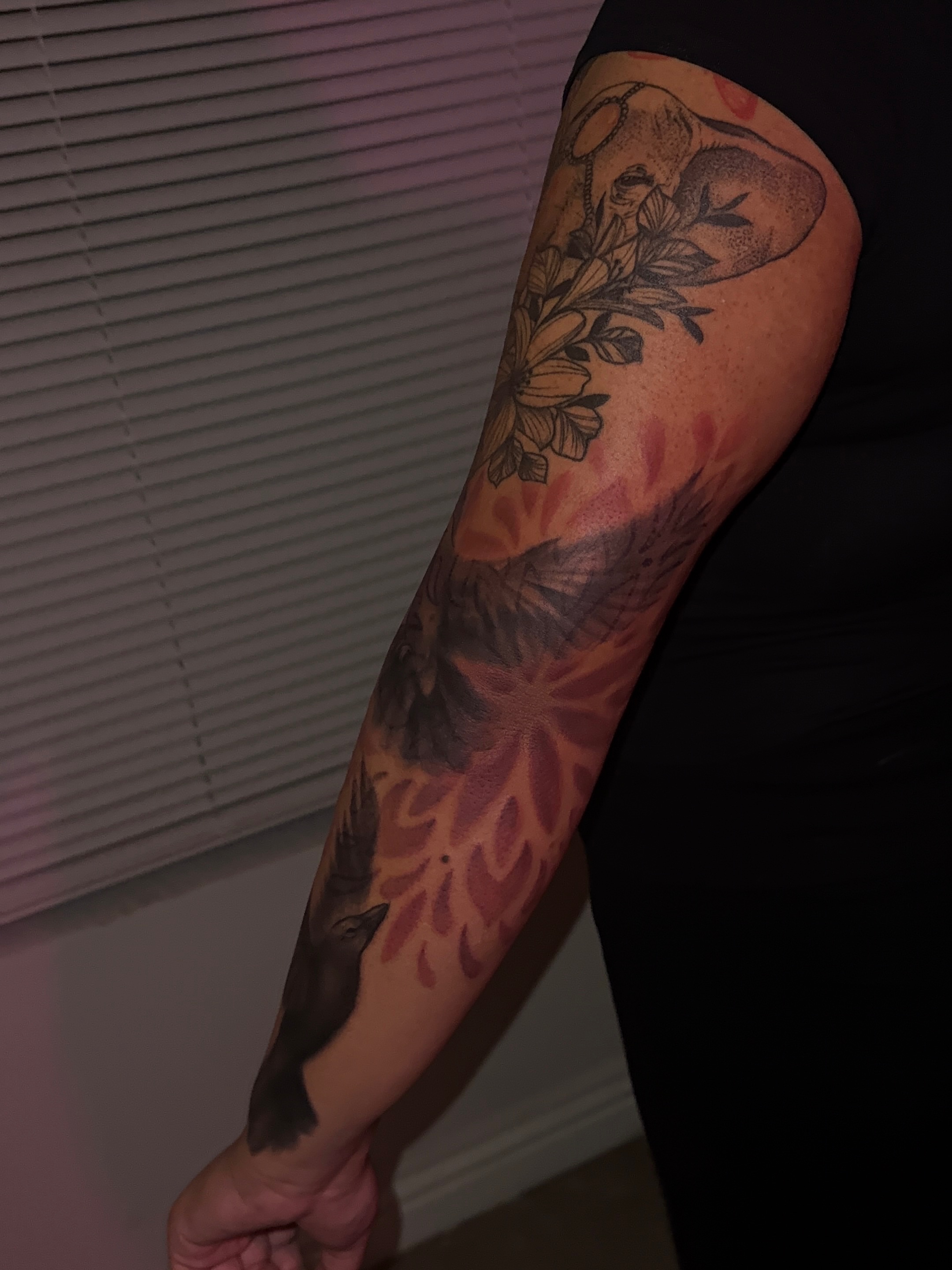 Floral and bird black and grey tattoo on the forearm by XoticTherapy, Las Vegas, Nevada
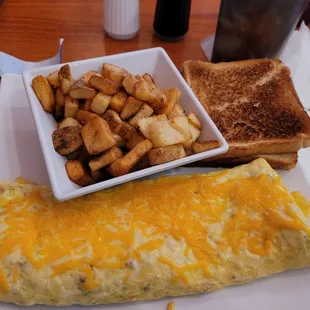 Veggie omelet and added ham &amp; sausage. Paid extra for country potatoes.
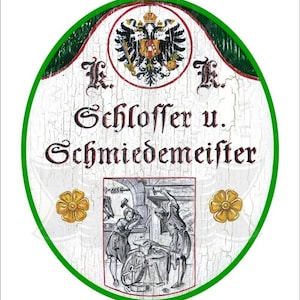 Puede incluir: Un letrero ovalado blanco con borde verde y un escudo de águila negra. El letrero dice "K. Schloffer u. Schmiedemeister" en letras negras.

┄┄┄┄┄┄

Please retype, exactly as they appear, the lines from the one with "Veggie omelet and" through the final line of the material, both included, and drop any pictures.

 Veggie omelet and added ham &amp; sausage. Paid extra for country potatoes.
 Puede incluir: Un letrero ovalado blanco con borde verde y un escudo de águila negra. El letrero dice "K. Schloffer u. Schmiedemeister" en letras negras.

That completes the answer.